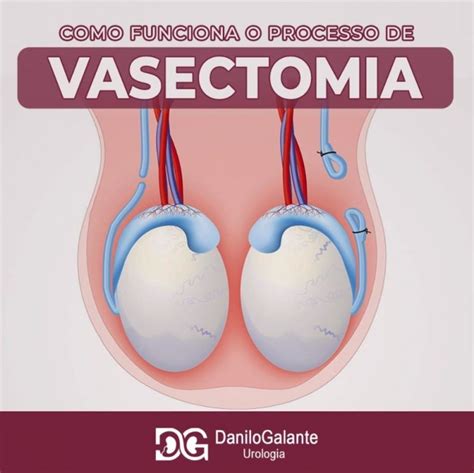 Como Funciona O Processo De Vasectomia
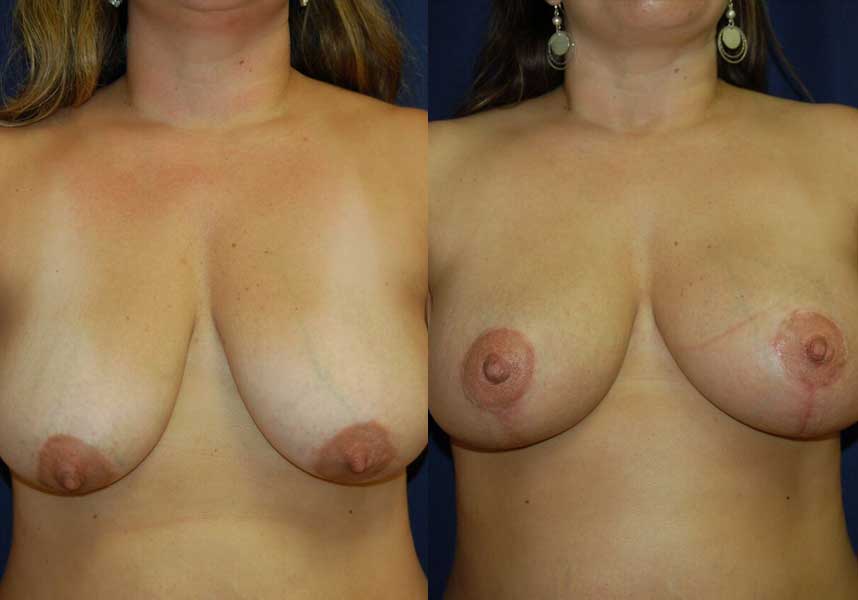 Before and After Breast Augmentation and Lift Results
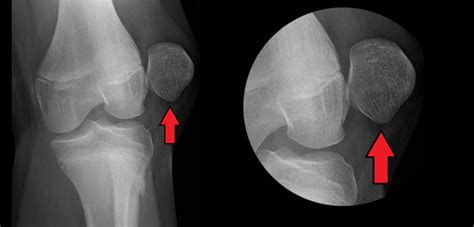 Patellar Dislocation: Does Surgery Give Best Results? | Orthopedics ...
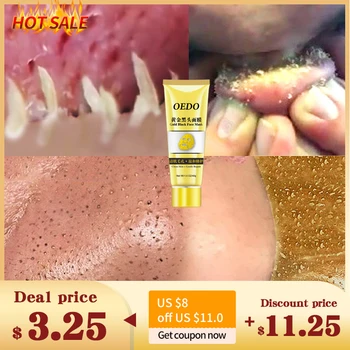 Gold Remove Blackhead Mask Shrink Pore Improve Rough Skin Acne Shills Blackhead Remover Mask Facial Moisturizing Cream#
Gold Remove Blackhead Mask Shrink Pore Improve Rough Skin Acne Shills Blackhead Remover Mask Facial Moisturizing Cream#
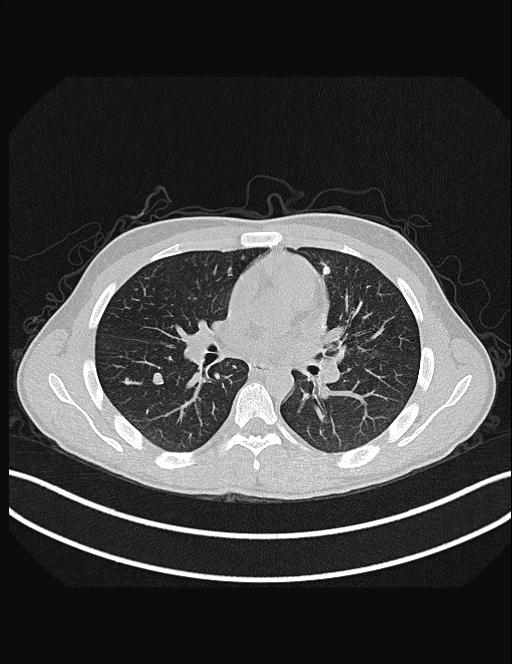Calcifying pulmonary metastases (Radiopaedia 33359-34396 Axial lung window 31).jpg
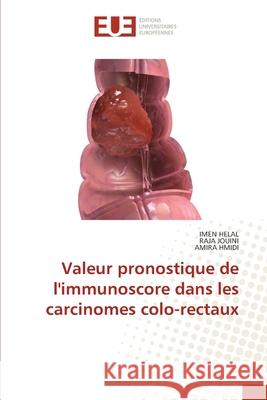 Valeur pronostique de l'immunoscore dans les carcinomes colo-rectaux Helal, Imen, Jouini, Raja, HMIDI, AMIRA 9786206724803 Éditions universitaires européennes - książka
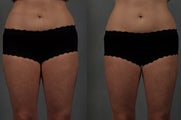 CoolSculpting of the Inner Thighs
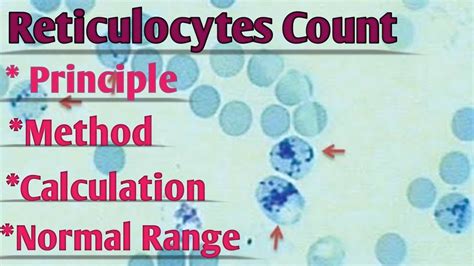 Reticulocyte Count Staining Principle Method Calculation Normal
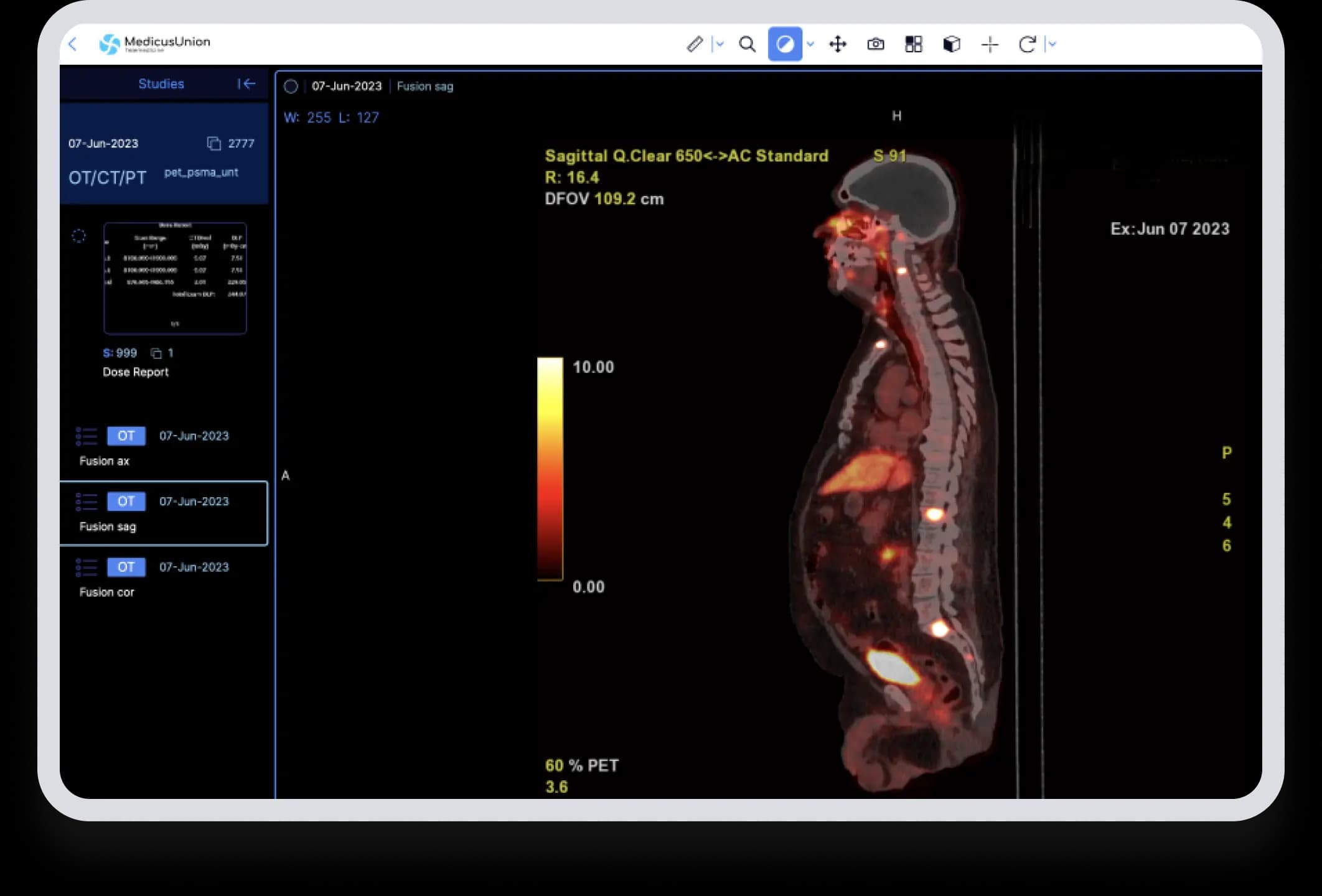 Access your medical records easily with MedicusUnion's DICOM Viewer.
+++++
**DESCRIPTION OF THE TASK**
Return all the data exactly, and keep the pictures out.

**EXPECTED OUTPUT**
 Como Funciona O Processo De Vasectomia
 Before and After Breast Augmentation and Lift Results
 Patellar Dislocation: Does Surgery Give Best Results? | Orthopedics ...
 Gold Remove Blackhead Mask Shrink Pore Improve Rough Skin Acne Shills Blackhead Remover Mask Facial Moisturizing Cream#
Gold Remove Blackhead Mask Shrink Pore Improve Rough Skin Acne Shills Blackhead Remover Mask Facial Moisturizing Cream#
Calcifying pulmonary metastases (Radiopaedia 33359-34396 Axial lung window 31).jpg
 Valeur pronostique de l'immunoscore dans les carcinomes colo-rectaux Helal, Imen, Jouini, Raja, HMIDI, AMIRA 9786206724803 Éditions universitaires européennes - książka
 CoolSculpting of the Inner Thighs
 Reticulocyte Count Staining Principle Method Calculation Normal
 Access your medical records easily with MedicusUnion's DICOM Viewer.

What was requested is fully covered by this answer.